- PROVIDED MATERIAL

----

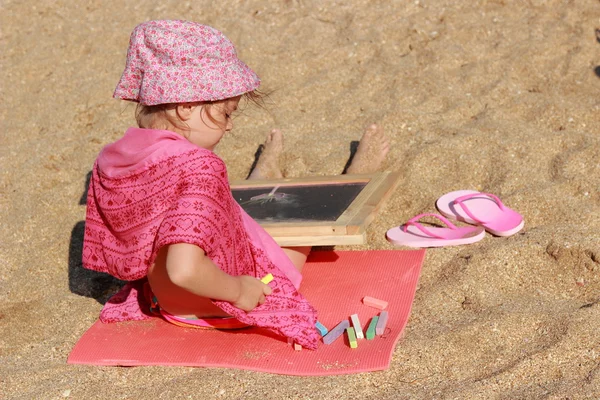 Schattig Lachend Meisje Zittend Het Strand Schilderstuk Met Krijt Blackboard — Stockfoto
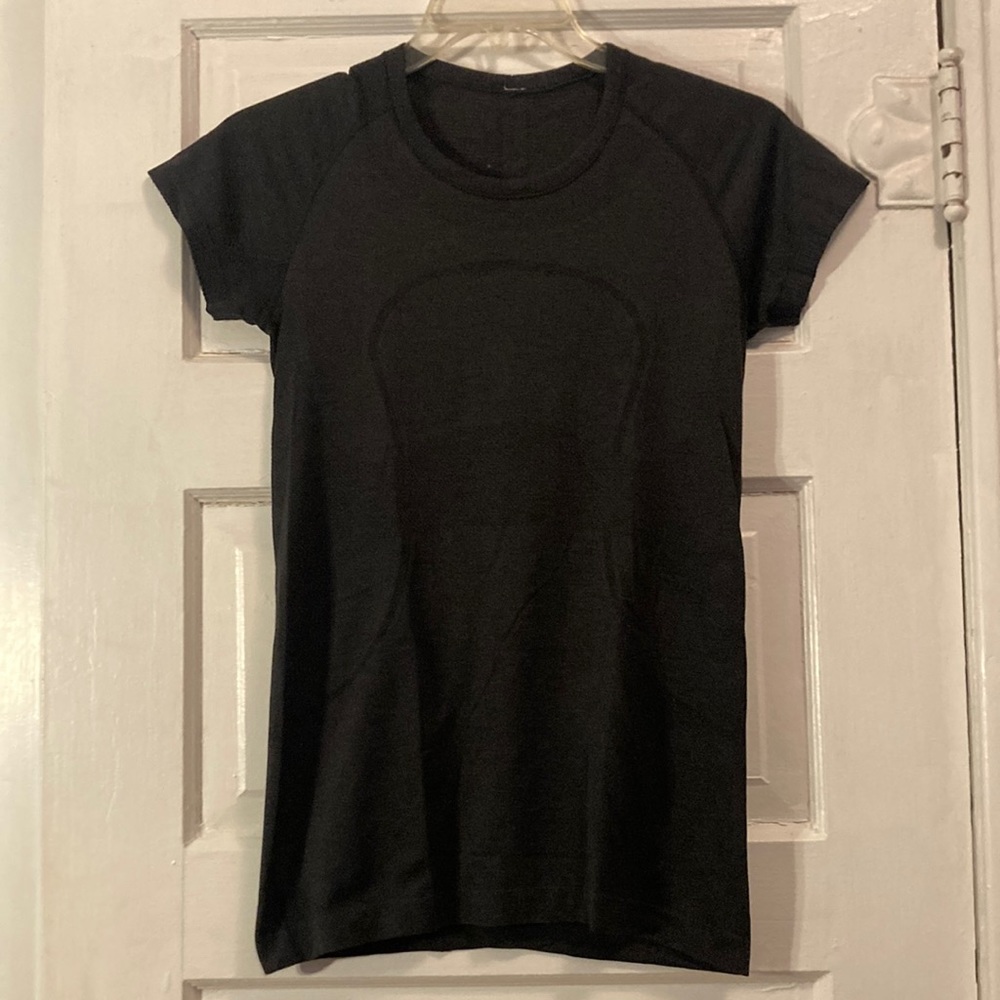 Lululemon Run Swiftly TShirt Size 8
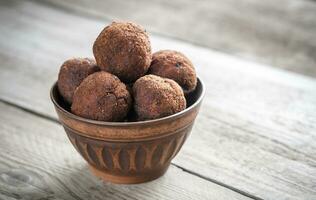 bol de Boulettes de viande sur le en bois Contexte photo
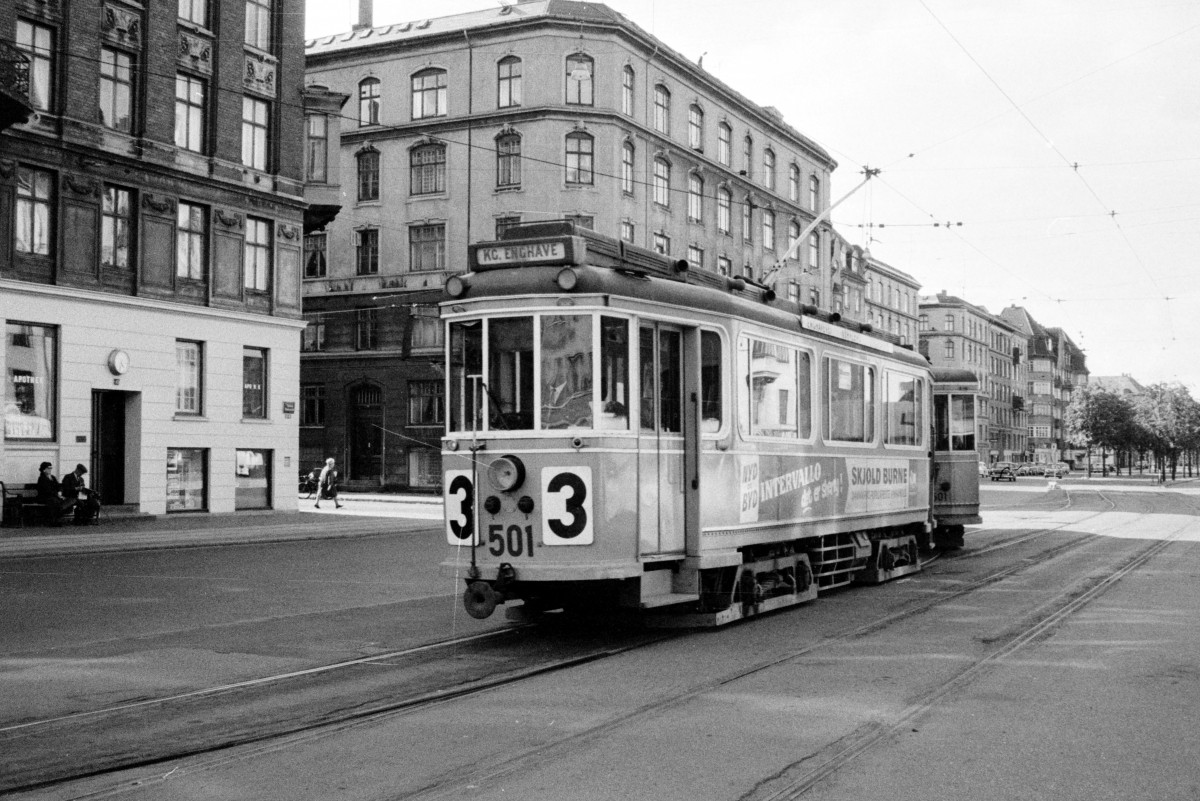 København / Kopenhagen KS SL 3 (Tw 501 + Bw 1501) Strandboulevarden / Marstalsgade im Juli 1967. - Diese Wagen wurden 1930 von der Hauptwerkstätte der Kopenhagener Strassenbahnen gebaut. Sie waren die Prototypen der Triebwagenserie 501 - 618 und Beiwagenserie 1501 - 1583, die beide in den Jahren 1930 bis 1941 hergestellt wurden.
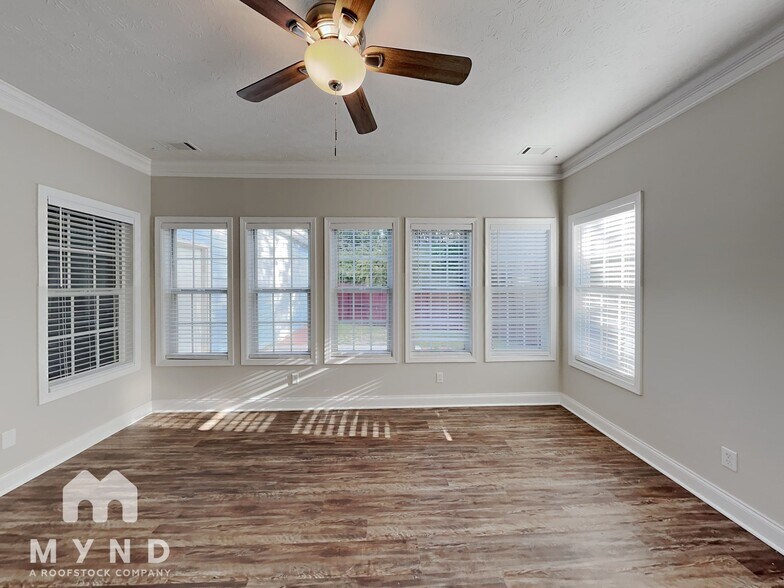 Building Photo - 4075 Springvale Way
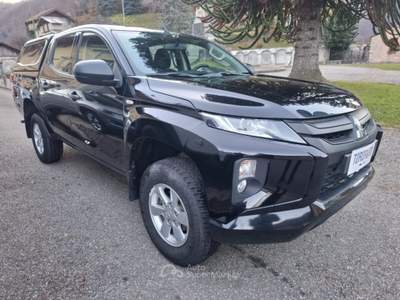 Mitsubishi L200 2.3 D Double Cab 4x4 Easy Select Invite Connect Nero usata Varallo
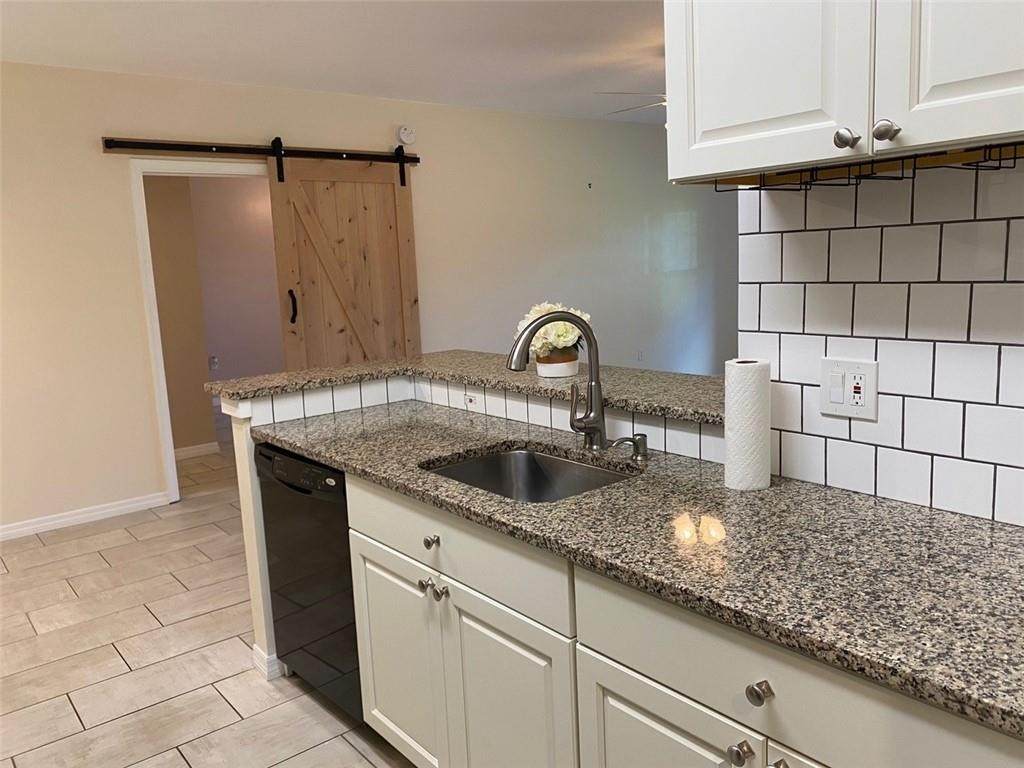 5095 Fairways Circle - Photo 1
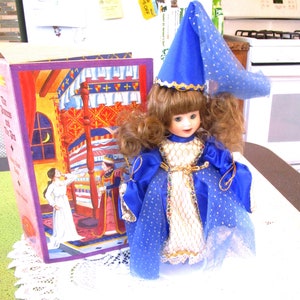 Marie Osmond, Storybook Doll, Princess and the Pea, Fairy Tale Doll, Osmond Dolls, Knickerbocker Dolls, Porcelain Doll, Miniature Doll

----

- ACTIVITY
An exact reproduction of all the records is required, with no pictures included.

- RESULT OF THIS TASK
 Schattig Lachend Meisje Zittend Het Strand Schilderstuk Met Krijt Blackboard — Stockfoto
 Lululemon Run Swiftly TShirt Size 8
 bol de Boulettes de viande sur le en bois Contexte photo
 København / Kopenhagen KS SL 3 (Tw 501 + Bw 1501) Strandboulevarden / Marstalsgade im Juli 1967. - Diese Wagen wurden 1930 von der Hauptwerkstätte der Kopenhagener Strassenbahnen gebaut. Sie waren die Prototypen der Triebwagenserie 501 - 618 und Beiwagenserie 1501 - 1583, die beide in den Jahren 1930 bis 1941 hergestellt wurden.
 Building Photo - 4075 Springvale Way
 Mitsubishi L200 2.3 D Double Cab 4x4 Easy Select Invite Connect Nero usata Varallo
 5095 Fairways Circle - Photo 1
 Marie Osmond, Storybook Doll, Princess and the Pea, Fairy Tale Doll, Osmond Dolls, Knickerbocker Dolls, Porcelain Doll, Miniature Doll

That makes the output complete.